I'll add the customary excerpt from the Field Guide later.

I wish there was a mood selection classification for "Annoyed". We're watching An Officer And A Gentleman and I'm becoming increasingly more convinced that I might have been better off before acquiring cable--before, essentially, being bombarded with images of those people I classify as "dizzy".

I'll clarify--and say now that I'm aware that it's entirely possible that this classification is unfair on my part. Perhaps. Certain things are very subjective, after all. "Dizzy" is the classification I reserve for people who display the following qualities: obliviousness, deliberate or otherwise, to his/her surroundings and the consequences of his/her actions (or inactions); premeditated manipulation of members of his/her own or the opposite sex for his/her own benefit; deliberate minimizing of his/her own intelligence in order to impress members of his/her own or the opposite sex, etc. The list is lengthy, but the above-noted are the qualities that I find most objectionable and the ones that this movie (and so many others I've seen lately) portray as not only acceptable but desireable in females. This disgusts me, largely because I firmly believe that society will expect of you what you demand that it expect of you--and I believe that society will continue to expect women to behave as either bloodless, manipulative creatures who will resort to any devious ploy to achieve their goals or helpless, clueless stereotypes of male fantasies with the mentalities of children as long as there are women who reinforce these expectations.

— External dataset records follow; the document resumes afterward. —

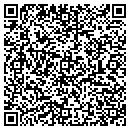 QR code with Black Creek Pottery LLC contacts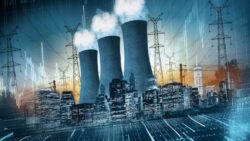 Nükleer enerji 2024’te rekor kırdı: Gelecek için ne anlama geliyor?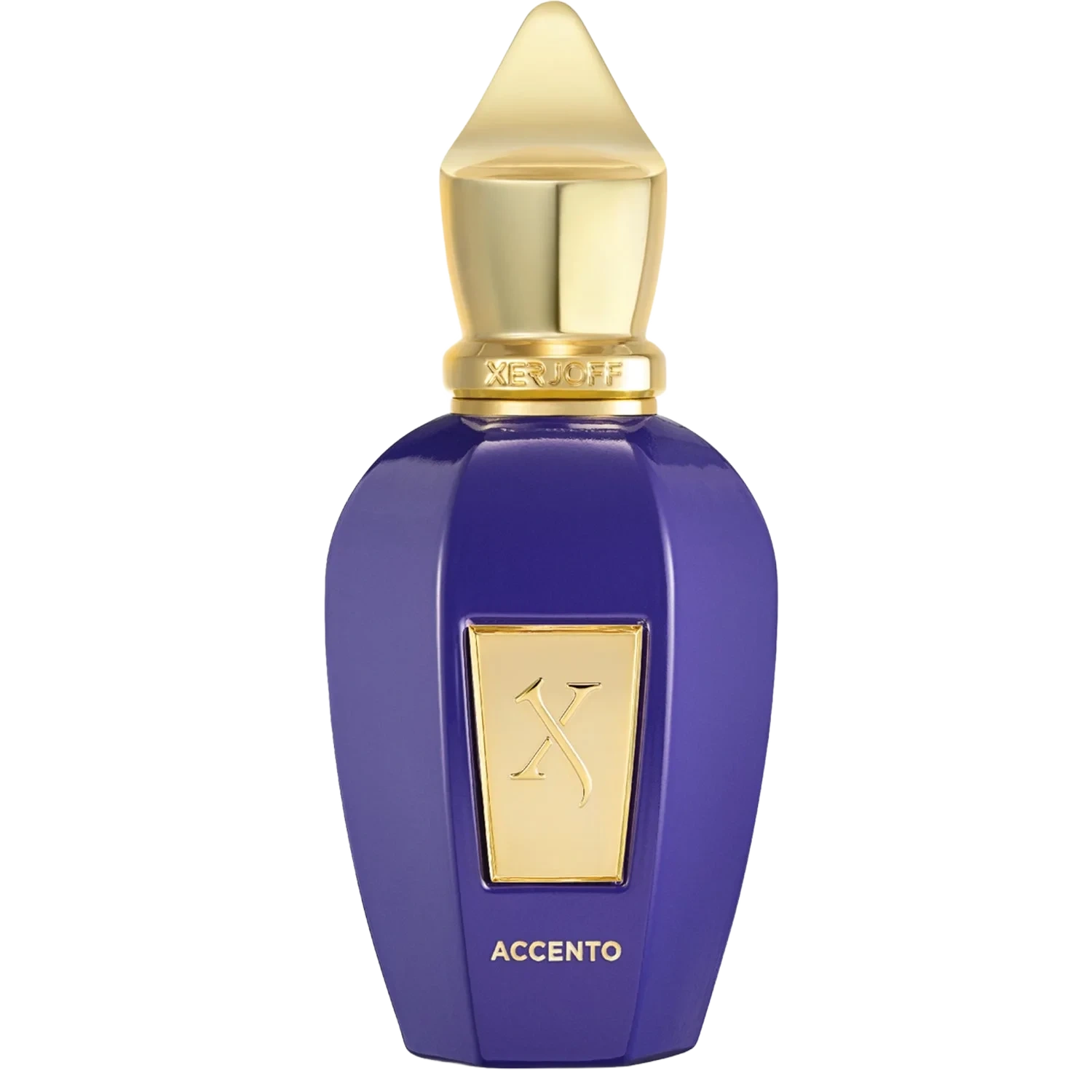 Xerjoff Accento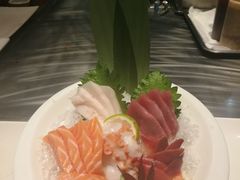 -大渔之观(安贞店)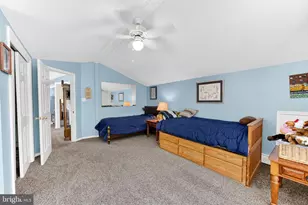 1433 Flint Hill Rd, Coopersburg, PA 18036 - Photo 27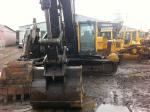 VOLVO   Volvo  EC240BLC  2002 ..   1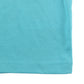 トドラー(90-100cm) セット商品 NIKE(ナイキ) NKN CLUB BRAND ENERGY SHORT SE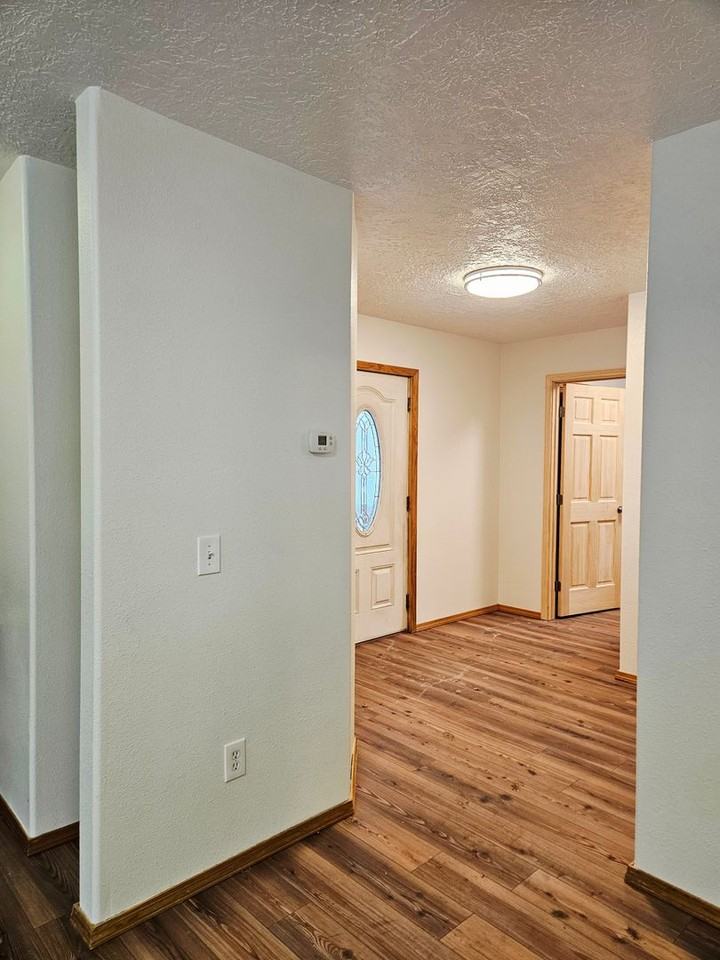 645 Oleary Rd - Photo 5 of 11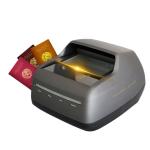 Full Page OCR ID Reader and ID Card Scanner SDK with Passport OCR Reader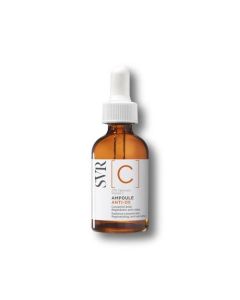 Ampoule C SVR - 30ML - Prix Tunisie | Arkan.tn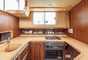 Flodb�d 400274: Penichette Comfort 8/9 3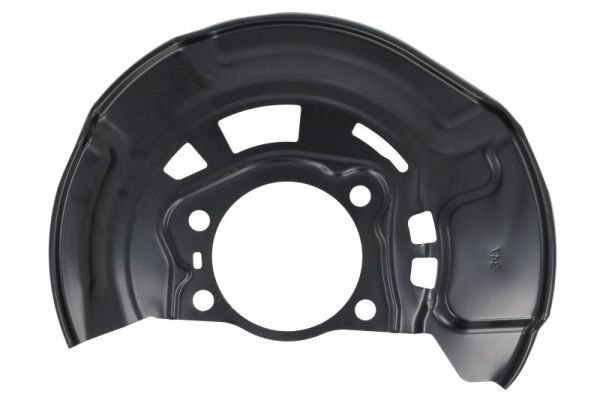 BLIC 6508-03-8179377K Splash Guard, brake disc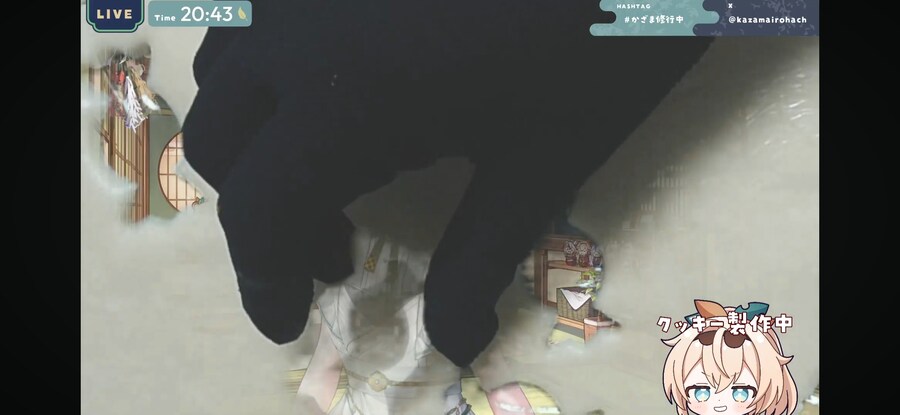 버튜버]PON자루_3.jpg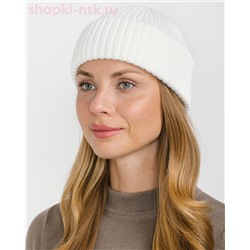 243 T Шапка (56-58)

The big rub in all of this is that I also happen to believe in the right to be whatever you desire to be--to achieve or to not achieve whatever you desire to (or don't) in this life--because that is, to me, one of the most beautiful aspects of this life. I would never deny that freedom to myself--or to anyone else. This becomes problematic when I see a romance between a woman who trolls naval bases to catch an aviator husband (and is portrayed as really having nothing more going for her than a pretty face and a desire to advance herself out of a factory job--by becoming a pilot's wife) and an otherwise intelligent aspiring pilot. The directors expect the audience to support this arrangement. I would much rather see the pilot's relationship with his female counterpart--a woman who also enlisted to beome a pilot (and who, although cited by the drill instructor as "having more character and more heart" than the pilot, is constantly seen crying on the obstacle course). What message does this send? Am I, as a person, supposed to buy into this lock, stock and barrel and actually believe that it is preferable (at least, in society's terms of being desireable and finding a partner) to be sweet and simpering and without goals save the bolstering of one's own ego through a connection between them and another with different goals? Am I, as a person, supposed to buy into the current culture of youth and try to squeeze myself into hotpants to emulate Britney Spears? Am I, as a person, supposed to believe that just because I am a woman I am obligated to feel one way or another--rather than just ignoring the whole damn thing?

Feh.

Frankly, and I might be burning some bridges in saying this, but so be it, I wouldn't have a man who chose such a person over one who equaled (or surpassed) him in ambition or capacity. Such a preference, in my perspective, bespeaks an innate fear of one's partner and of one's own weaknesses--and a fear that exerts such power over one's life that it dictates one's choices in lifemate is to be avoided at all costs. I have no use for men who are threatened by women who can walk the same path as they. Get therapy, sugarpie, and then we can talk.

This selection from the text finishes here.